## Work to be completed
Reproduce the entries exactly and omit the pictures.
─── Record extracts
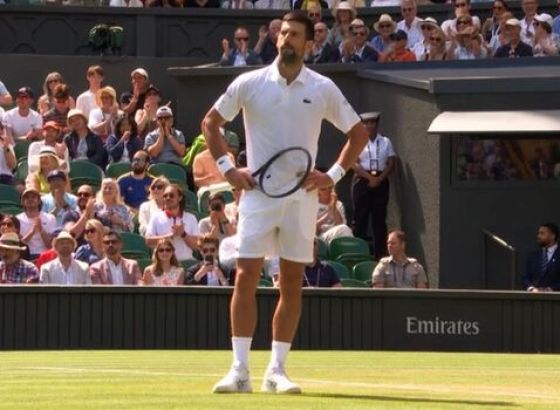 Spektakl u Londonu, Đoković i Siner u borbi za finale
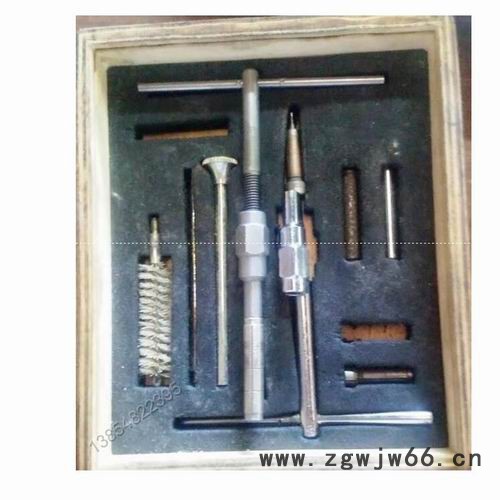 柴油泵电喷喷油器拆装 行程测量工具 喷嘴检测仪CR200BJ04阀组件 测量喷油器工具图7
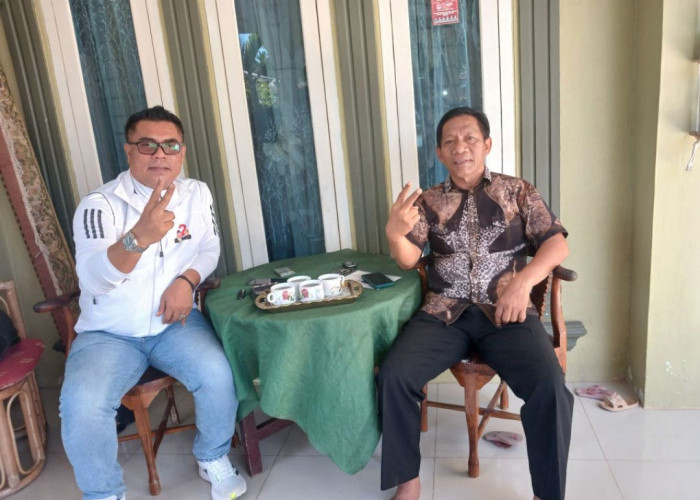 Wakil Ketua DPW PKB Bengkulu Jaya Marta Dukung Romer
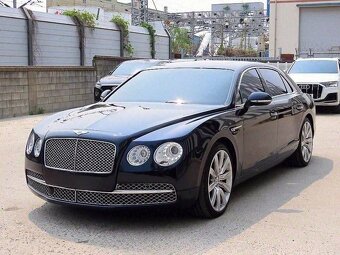 2015 BENTLEY CONTINENTAL FLYING SPUR 6.0V12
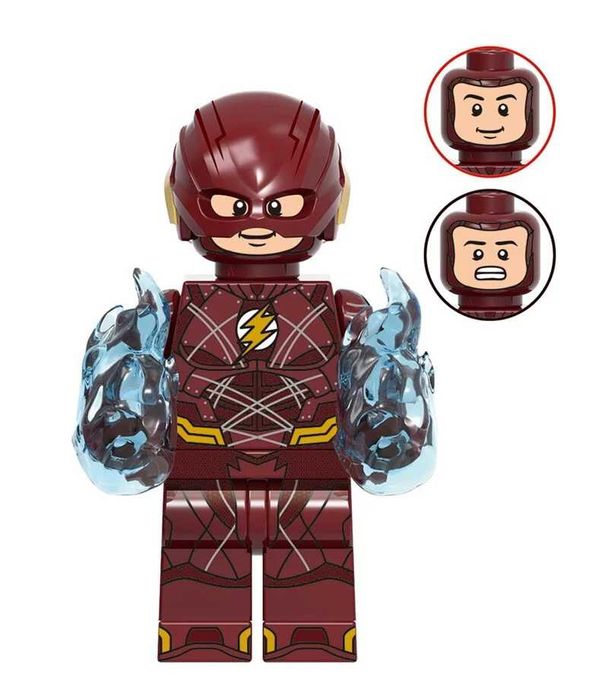 Superman Rising and DC heroes from the Future and present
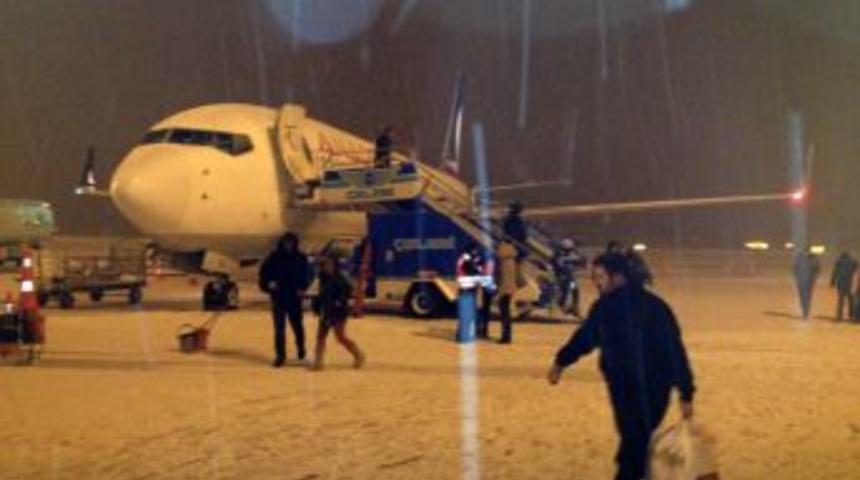 U&ccedil;aklar Gelecek Kış Erzurum'u Pas Ge&ccedil;meyecek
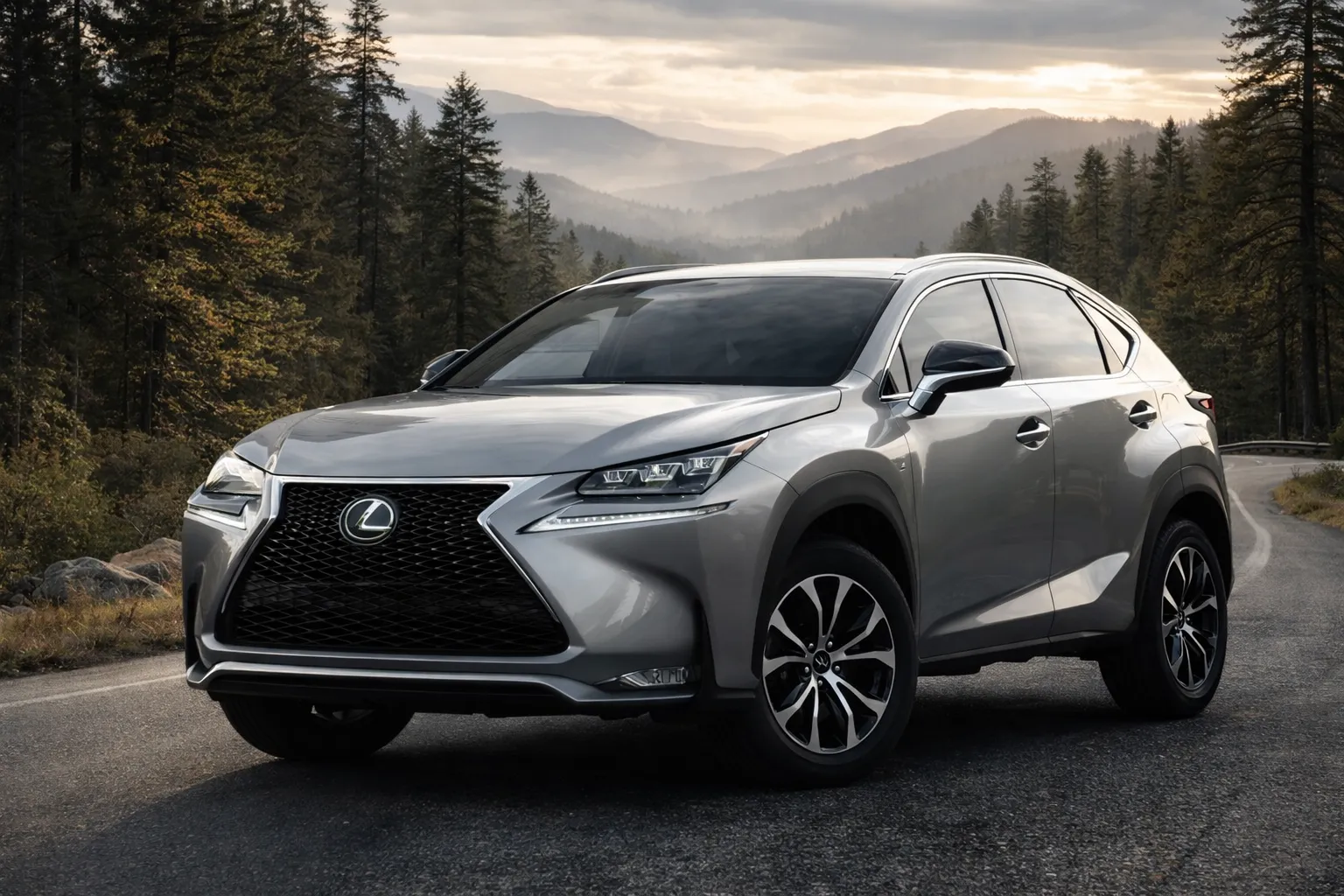2024 Lexus NX 200t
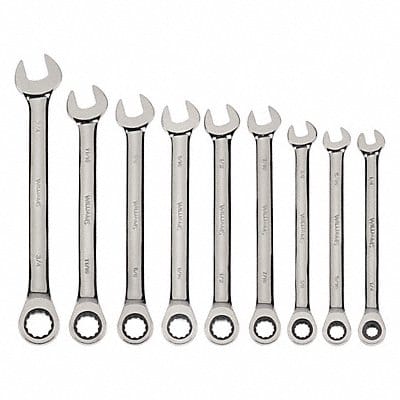 Combo Ratchet Wrench 1-1/4 Hi-Polish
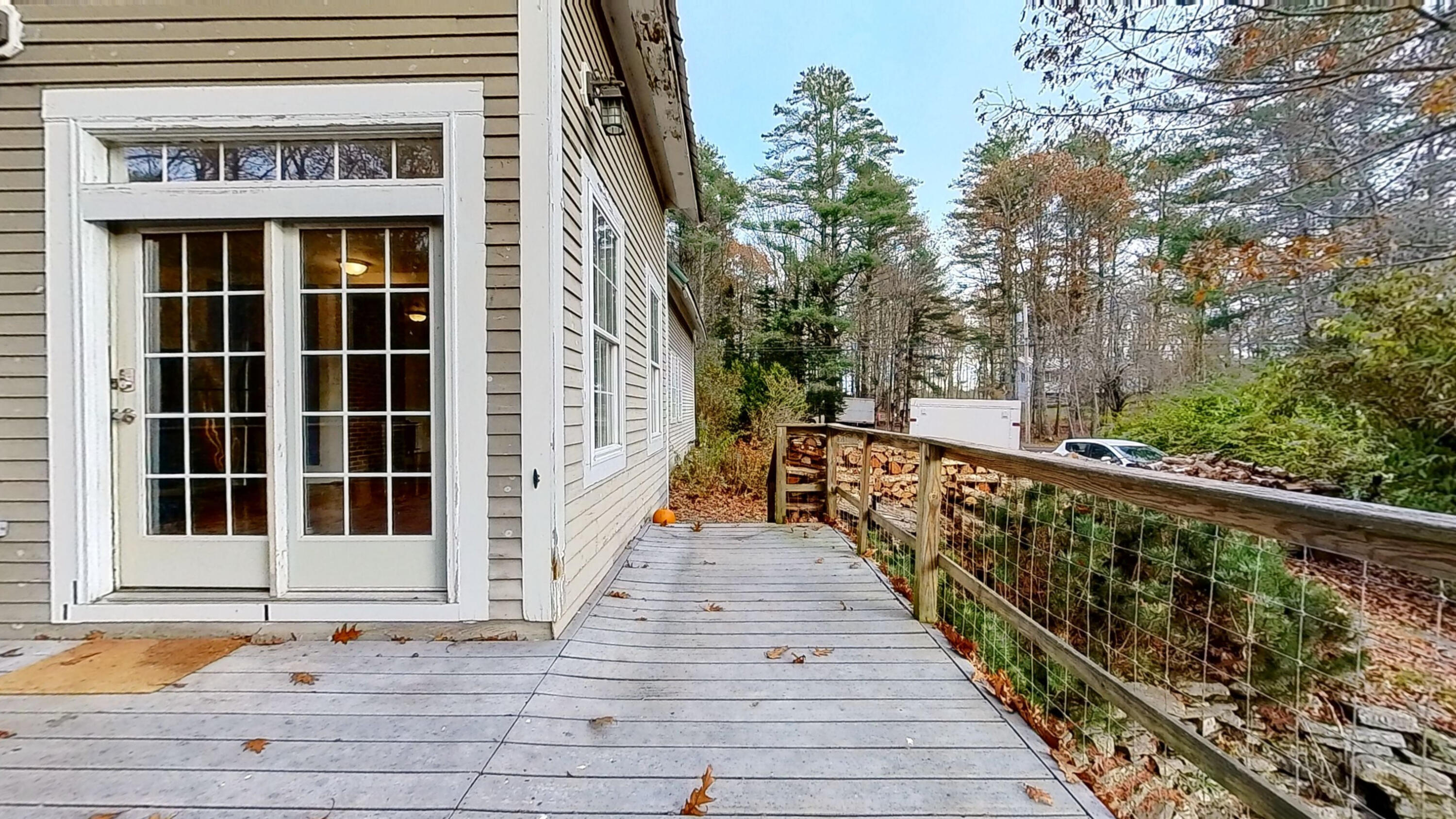 180 Ridge Road Newcastle, ME 04553 - Photo 43 of 51 Deck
──────
## Output below
 Spektakl u Londonu, Đoković i Siner u borbi za finale
 柴油泵电喷喷油器拆装 行程测量工具 喷嘴检测仪CR200BJ04阀组件 测量喷油器工具图7
 Wakil Ketua DPW PKB Bengkulu Jaya Marta Dukung Romer
 2015 BENTLEY CONTINENTAL FLYING SPUR 6.0V12
 Superman Rising and DC heroes from the Future and present
 U&ccedil;aklar Gelecek Kış Erzurum'u Pas Ge&ccedil;meyecek
2024 Lexus NX 200t
 Combo Ratchet Wrench 1-1/4 Hi-Polish
 180 Ridge Road Newcastle, ME 04553 - Photo 43 of 51 Deck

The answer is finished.